Подполковник принял подарок с благодарностью, но посмотрел сначала вместе с Петром его коробочку. Там оказались плоские золотые наручные часы с секундомером знаменитой швейцарской фирмы «Омега».
– Теперь я никуда и никогда не опоздаю! – пошутил Пётр, прилаживая браслетку часов к себе на руку.
Лебедеву тоже пришлось вскрыть свой свёрток. В сафьяновой коробке лежал золотой портсигар с чеканным чернёным узором из маленьких двуглавых орлов, поверх которого рельефом выделялся крупный овальный лавровый венок с двуглавым орлом в середине – знак Николаевской Императорской военной академии Генерального штаба. Ивану стало неловко, что он получил такой дорогой подарок от мало знакомого ему человека, хотя Пётр давным-давно так расхвалил ему своего дедушку, что подполковник заочно уже сроднился с ним. Он хотел что-то особенное сказать Фёдору Фёдоровичу, но, пока искал подходящие слова, Ознобишин взял остающиеся два свёртка и с детским любопытством принялся разворачивать сначала подарок Петра.
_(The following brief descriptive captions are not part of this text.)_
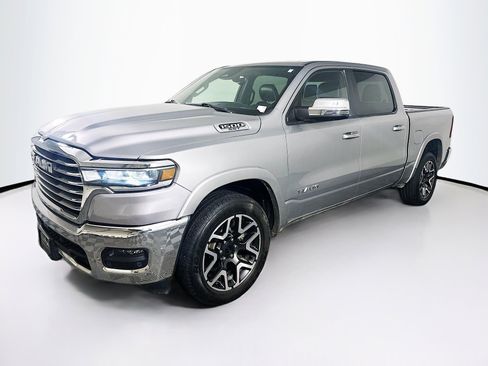 Used 2025 RAM 1500 Laramie image 3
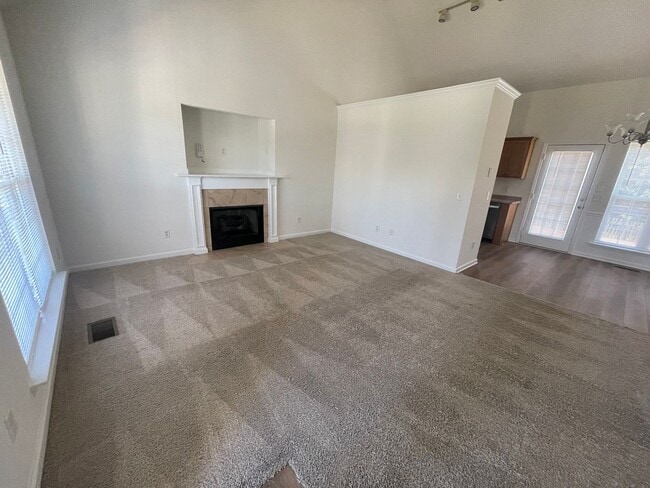 Building Photo - 520 Hatch Trail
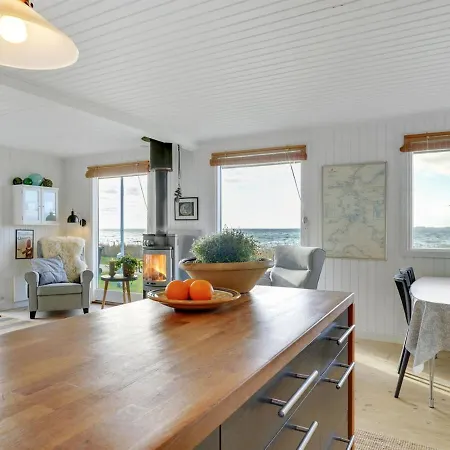 Akseline - 20m From The Sea In Funen By Interhome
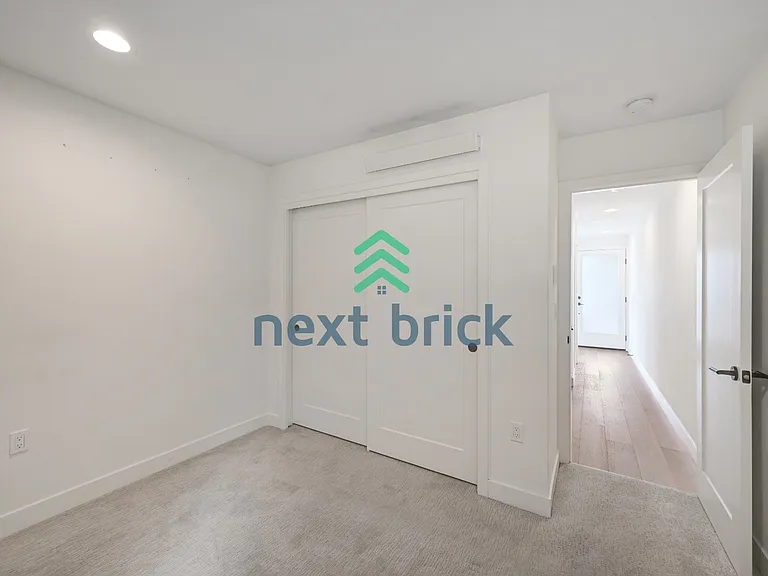 4521 Sunnyside Ave N #C — Photo 16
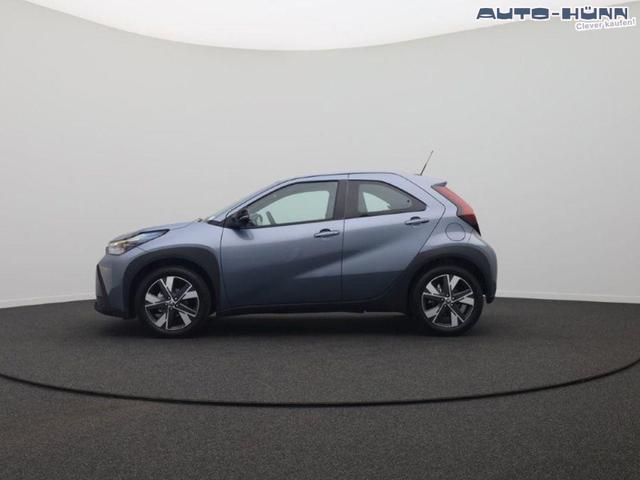 Toyota Aygo X Pure 1.5 Hybrid 116PS Automatik Sitzheizung Klimaautomatik AbstandsTempomat Multifunktionslenkrad Radio Bluetooth Touchscreen Apple CarPlay + Android Auto 
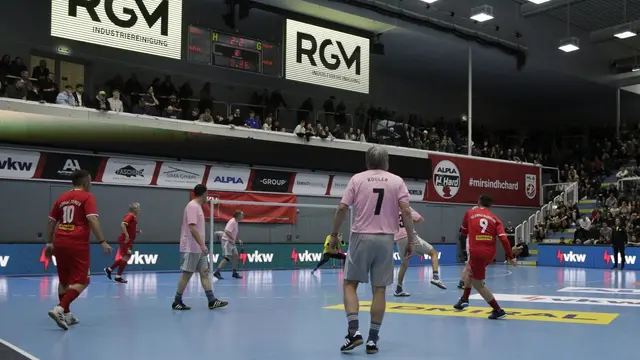 In der Sporthalle Hard am Bodensee findet der 2. Internationale Raiffeisen-Legendencup statt. Dank starker Tiroler Beteiligung bei der Organisation und am Parkett. | Foto: SV Legendencup Bodensee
Открыв коробку с монограммой Фаберже, Фёдор Фёдорович увидел чудесное произведение наипервейшего русского ювелира и издал возглас восторга. Дивная эмаль, чеканное обрамление рамки, в которую был вставлен портрет внука с погонами штаб-ротмистра и белым Георгиевским крестом на груди, прикрытый овалом цельной, тонко шлифованной пластины горного хрусталя, так понравились Ознобишину, что он сразу же водрузил подарок на самое видное место на каминной полке.
Потом он принялся за свёрточек Лебедева. Петру тоже стало очень интересно, что же за экспромт придумал его друг?
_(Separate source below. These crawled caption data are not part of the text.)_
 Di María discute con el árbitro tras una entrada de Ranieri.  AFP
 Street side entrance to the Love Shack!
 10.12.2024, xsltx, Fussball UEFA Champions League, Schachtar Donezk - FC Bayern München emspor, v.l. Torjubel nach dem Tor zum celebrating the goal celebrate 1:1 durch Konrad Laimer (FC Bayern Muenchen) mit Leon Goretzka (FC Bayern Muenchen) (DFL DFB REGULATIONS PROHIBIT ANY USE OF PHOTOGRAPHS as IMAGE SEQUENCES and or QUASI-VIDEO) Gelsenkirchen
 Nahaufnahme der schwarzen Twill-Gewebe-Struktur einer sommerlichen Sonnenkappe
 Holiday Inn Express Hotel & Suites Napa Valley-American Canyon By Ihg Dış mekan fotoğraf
Когда открыли такую же коробку, как с рамочкой от Фаберже, в ней оказался на белом шёлке маленький, умещающийся на ладони, воронёный, с узорчатой золотой гравировкой, покрывающей весь металл, кроме перламутровых щёчек рукояти, браунинг калибра 6,35 модели 1906 года… Густой растительный орнамент и перламутровые пластинки на маленьком, но мощном пистолете, казалось, меняли его грозную сущность на что-то игрушечное или художественное.
Ознобишин, гвардеец-улан в молодости, лихой командир-кавалерист во время русско-турецкой войны, страстный охотник в служилые костромские и петербургские годы, понимал толк в оружии. Он благоговейно взял обеими руками маленький пистолет и, оборотясь к Лебедеву, только спросил:
– Заряжен?..
Иван утвердительно кивнул.
Фёдор Фёдорович, демонстрируя гостям неожиданную для него сноровку, ловко вынул обойму, затем оттянул затвор так, чтобы из патронника выбросило в сторону, на диван, золотистый латунный патрон с никелированной пулей, а затем, положив безопасную уже игрушку на свою ладонь, стал любоваться ею и внимательно разглядывать художественную гравировку. Среди замысловатых переплетений орнамента на боковине затвора он заметил какую-то надпись готической вязью, но даже сквозь очки не смог её разобрать.